Many Broadway fans, however, felt Patten would have done better to reject the honor outright.
“Jagged Little Pill,” which opened on Broadway in December 2019, uses songs from Alanis Morissette’s 1995 album of the same name to relay a 21st-century parable about mental health, sexuality, racism and addiction. Patten stars as Jo, a tormented teen whose chilling version of “You Oughta Know” is the musical’s most buzzed-aboutmoment.
“We are in the middle of a reckoning in our industry,” Patten told the Tonys crowd in her acceptance speech. “First and foremost, I want to thank my trans and nonbinary friends and colleagues who have engaged with me in difficult conversations, that have joined me in dialogue about my character Jo.”
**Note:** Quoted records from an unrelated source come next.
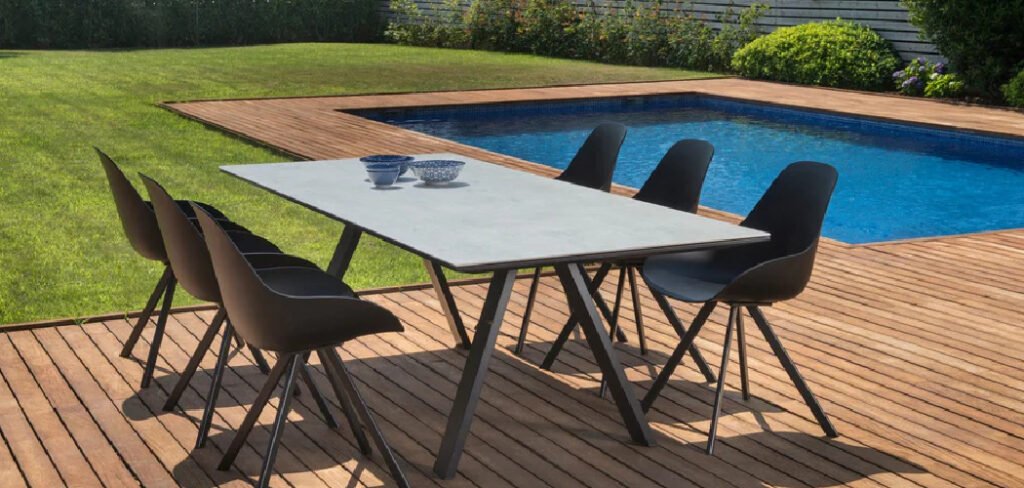 How to Protect Outdoor Furniture in Winter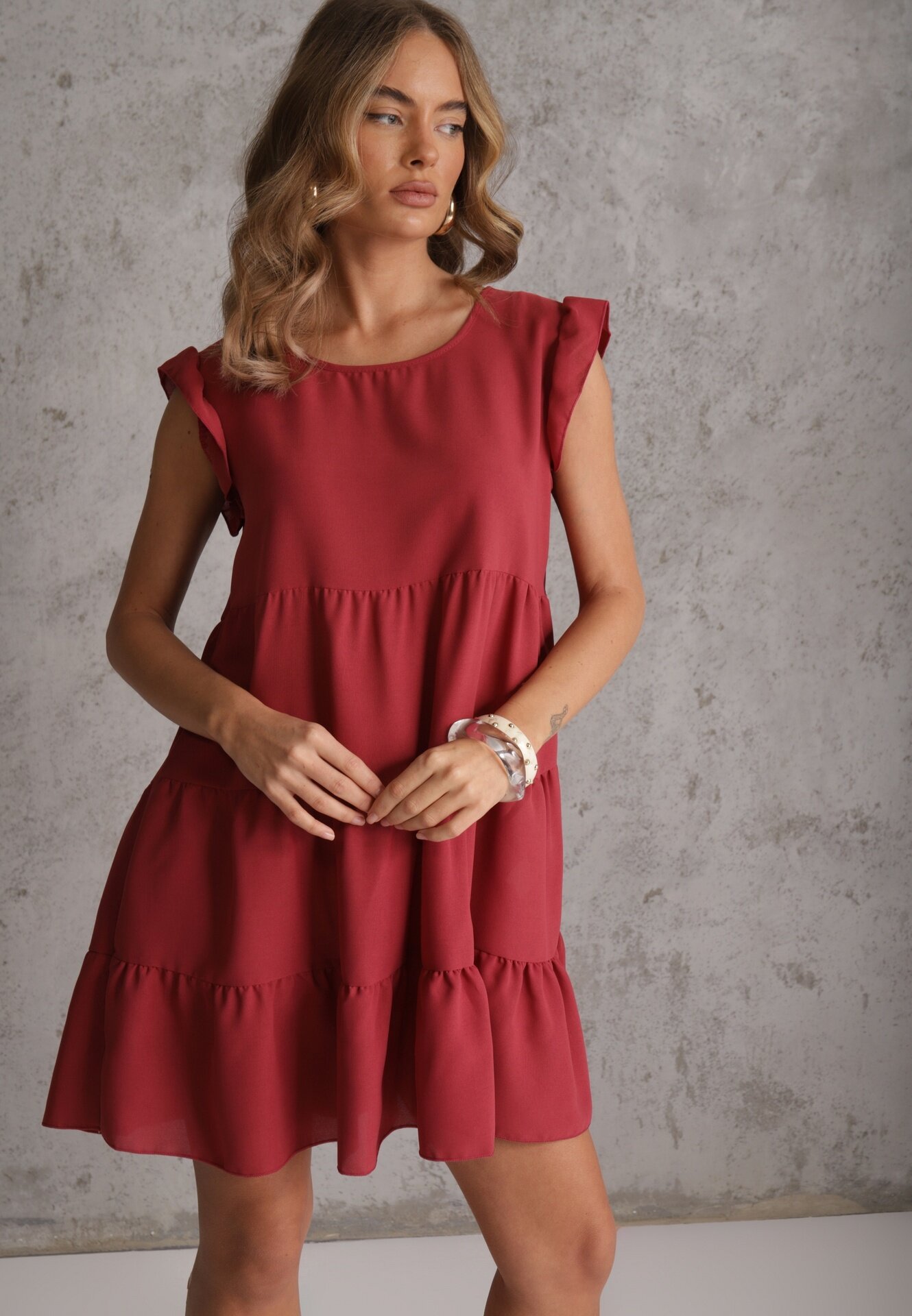 defox Rochie roz închis cu Mânecă Scurtă și Volane Decorative cu Croi Evazat Vetesa
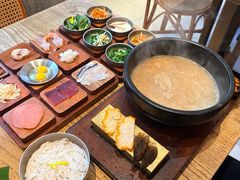 -银米·云南传统过桥米线(双廊黑金冠店)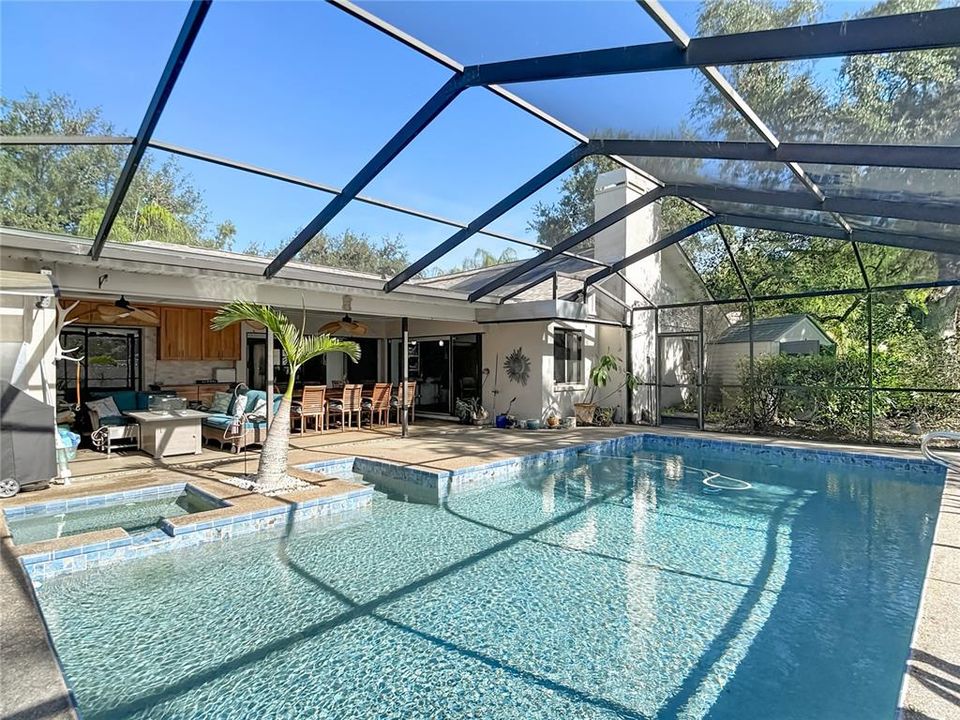 Active With Contract: $599,000 (4 beds, 3 baths, 2412 Square Feet)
“I believe that the future for the change we need to see on Broadway comes from these kinds of conversations that are full of honesty and empathy and respect for our shared humanity,” she continued. “And I am so excited to see the action that comes from them, and to see where that leads our future as theater artists in this country.”
Watch Lauren Patten’s Tony Awards acceptance speech below.
As acclaimed as Patten’s performance is, however, her win comes amid a flurry of controversy for “Jagged Little Pill.” Earlier on Sunday, the Actors’ Equity Association announced it was launching an investigation after two of the show’s cast members, Nora Schell and Celia Rose Gooding, claimed that the production workplace was harmful to transgender and nonbinary people.
Schell, a nonbinary actor who uses they/them pronouns, claimed Friday on social media that members of the show’s creative team forced them to delay “critical and necessary surgery to remove growths from my vagina that were making me anemic” early in the musical’s run. That same day, Gooding announced that she would not return to the show after the cast’s Tony Awards performance, citing “the harm ‘Jagged’ has done to the trans and nonbinary community.”
On Sunday, actor Antonio Cipriano also announced he was leaving the musical. “As a member of the [Broadway] community, I recognize my privilege and take responsibility for being part of the harm caused,” he tweeted.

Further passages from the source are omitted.